How I Learn English with AI
Note: This article was translated from Chinese to English using Gemini 2.0 Pro.
Stage One: Saving Prompts in Memos
During this stage, I would interact with AI based on my needs, whether it was correcting my grammar, providing example sentences, or doing scene simulations. If I felt the result was good, I would directly ask it to output a Prompt so I could enter that state directly next time. Later, the three mainstream AI apps—ChatGPT, Claude, and Gemini—launched conversation collection features. This made it very convenient to collect previous practice conversations and quickly find the corresponding practice at the top of the list. Clicking in allowed me to start practicing immediately, which was slightly more convenient than saving Prompts in memos. Up to this point, this method could already achieve reading and writing practice, but there was no way to do more complex things.

Stage Two: Using Skills
On October 16, 2025, Anthropic released Agent Skills. I could use the Agent Skills framework to turn my main needs into Skills and then use Claude Code to start practicing conveniently without needing to find the corresponding Prompt or go back to the corresponding conversation. I could start any practice I wanted anytime, anywhere. With one instruction, Claude Code understood which Skill I wanted to use.
At the same time, because Claude Code can read and write local files, using Skills allowed me to write my practice records into local files. I usually use Obsidian as my note-taking software, so my approach was to let Claude Code directly read and write my Obsidian local directory to record practices, including errors and newly learned example sentences and phrases.
Later, the Claude App Mac client and iOS client also launched the feature to call Skills. At this point, I could directly use the Claude App to call pre-written Skills. However, there was a problem: the iOS client cannot read and write local files, so if I wanted to record my learning content, I could only do it through the Mac client.

Stage Three: Using OpenClaw / Hermes Agent
Using OpenClaw, I can talk directly to my AI Agent through Telegram on any platform (including mobile and computer).
My home NAS is a Linux host, and I installed OpenClaw directly on it. Of course, it has now been replaced by Hermes Agent. Since OpenClaw was developed using Vibe Coding, as the scale grew, its instability also increased, and its GitHub home page already has over 3,000 PRs. I think this has exceeded the limit of human programmer management, so I chose Hermes Agent, which is a more reliable server-side AI Agent similar to OpenClaw. I configured it directly with the Skills I had written before. This way, I can find it to practice anytime, anywhere, and it can save practice records in the server-side Obsidian directory.

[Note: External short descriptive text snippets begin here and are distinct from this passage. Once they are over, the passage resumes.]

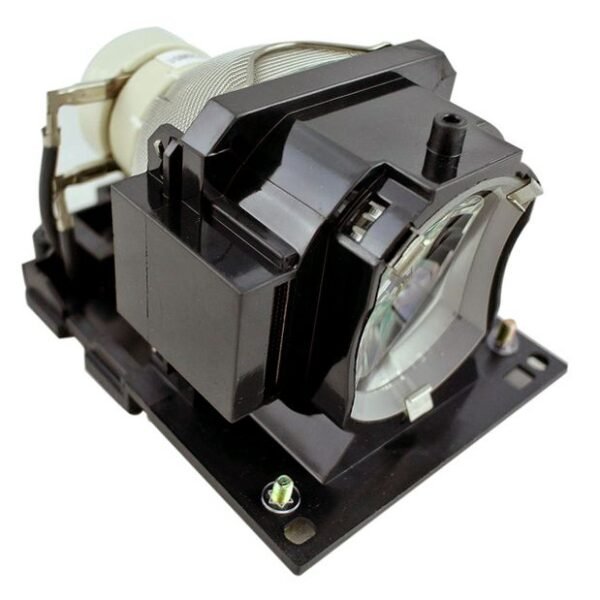 Projector Lamp for Hitachi  210 Watt 2500 hours, 210 Watt  fit for Hitachi CP-A221NM, CP-AW251NM, CP-A301NM, CP-A301N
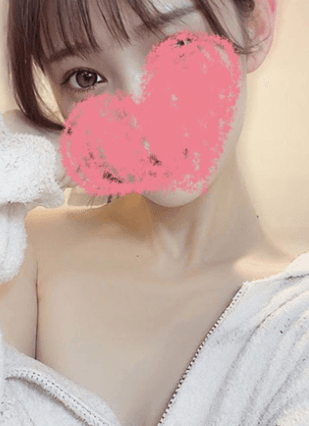 紗菜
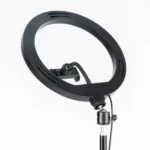 Havit ST7026 RGB Ring Light with Tripod Price in BD - Image 3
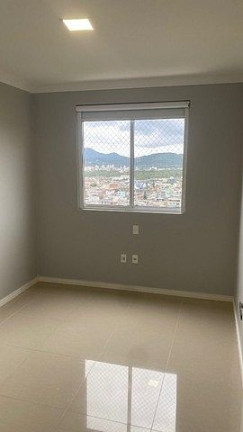 Imagem Apartamento com 3 Quartos à Venda, 95 m² em Tabuleiro - Camboriú
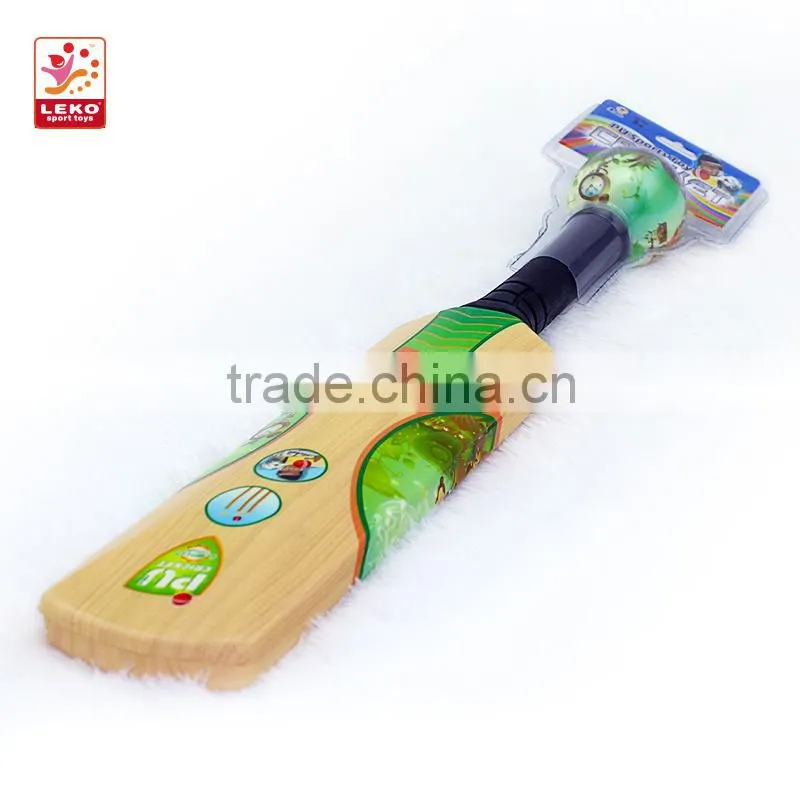 HOT SALE international pu criquet ball for sale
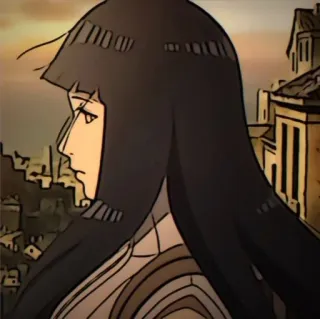 💎 9f8a90fe whatsapp sticker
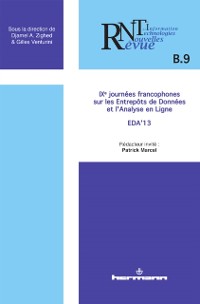 Cover RNTI B9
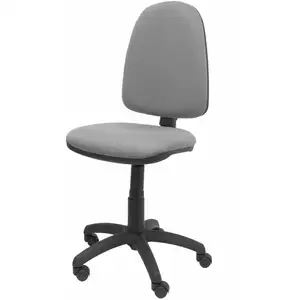 Piqueras Y Crespo Chaise De Bureau Ayna Bali Li220rp pas cher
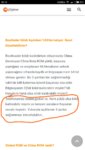 Screenshot_2018-08-26-22-10-45-835_com.android.chrome.jpg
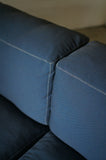 HAY Mags Soft Sofa L Type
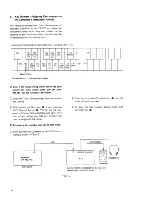 Preview for 46 page of Roland TR-727 Owner'S Manual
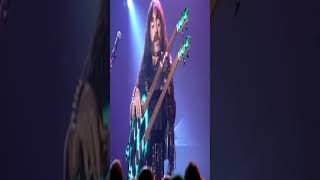 Guitar Solo, Spinal Tap, Cash on Delivery........#shorts.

How are the server-side Obsidian and my own Obsidian synchronized? I use Syncthing to synchronize the Obsidian directories on my Mac, Windows, and Android tablet with the server-side Obsidian directory, and then synchronize the Mac Obsidian directory with my iPhone Obsidian directory via iCloud.
Fine-tuning the Skills can also be easily achieved on Hermes Agent directly through conversation.

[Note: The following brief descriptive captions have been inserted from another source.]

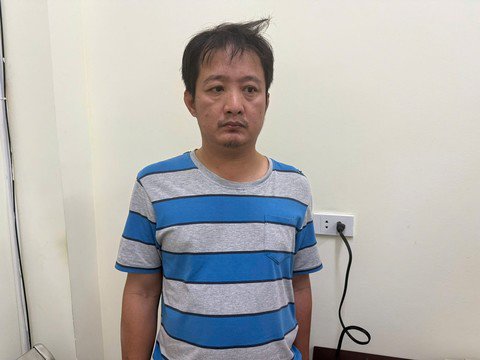 Lê Thành Công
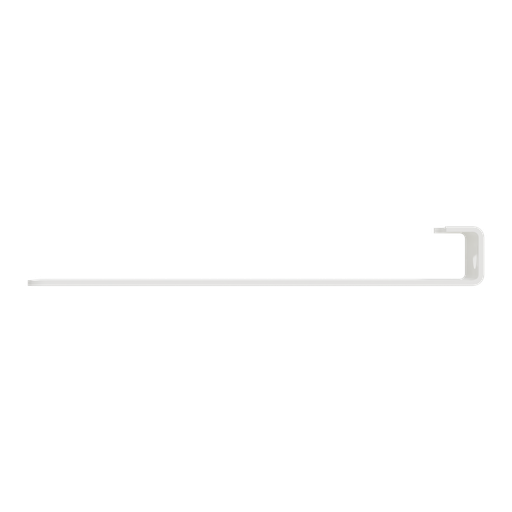 [SCHOVA53226] Exiway  - support de fixation mural - Light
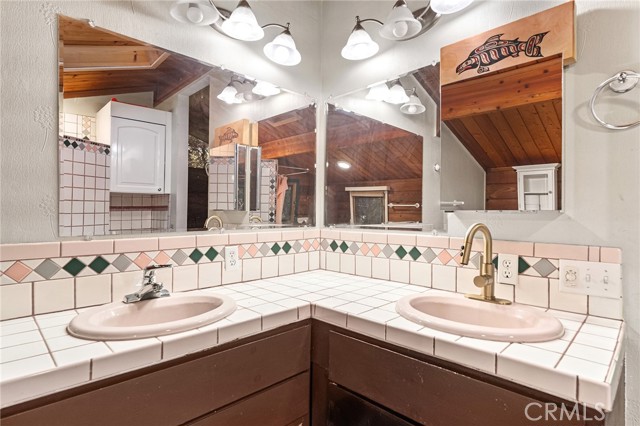 MLS #SN25169092 image #36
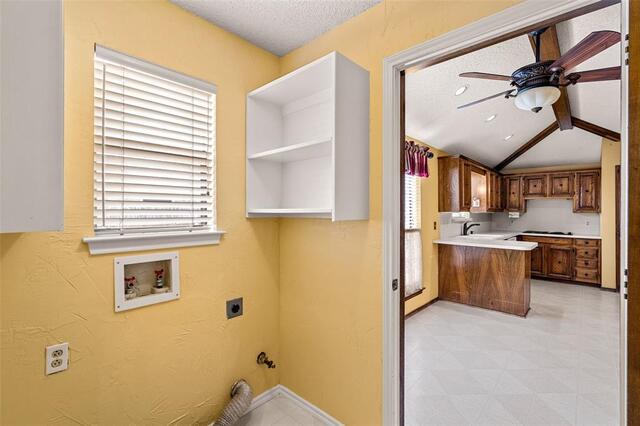 720 Green Brook, Drive Allen, TX photo 13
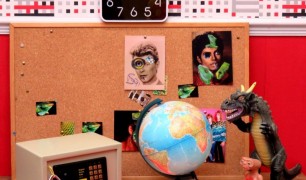 lizard_room sq St Helens Vs The Lizards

Additionally, I configured it with Soniox’s STT (Speech-to-Text), as well as Gemini 2.5 Flash TTS and Mimo 2.5 TTS for Text-to-Speech, and set a Prompt to have it use an Australian accent. Since both TTS are based on large models, I can attach Prompts to have them use an Australian accent. This allows me to practice listening and speaking at the same time, not just reading and writing in text.
Furthermore, in Hermes Agent, I can not only use Skills to define how to learn but also set more general rules directly. For example, I set a rule that whenever I speak English to it, it first corrects my grammar, then provides an idiomatic Australian expression, then answers my question, and finally reads the reply using an Australian-accented voice. In this way, I can comprehensively improve my English listening, speaking, reading, and writing skills during the communication process.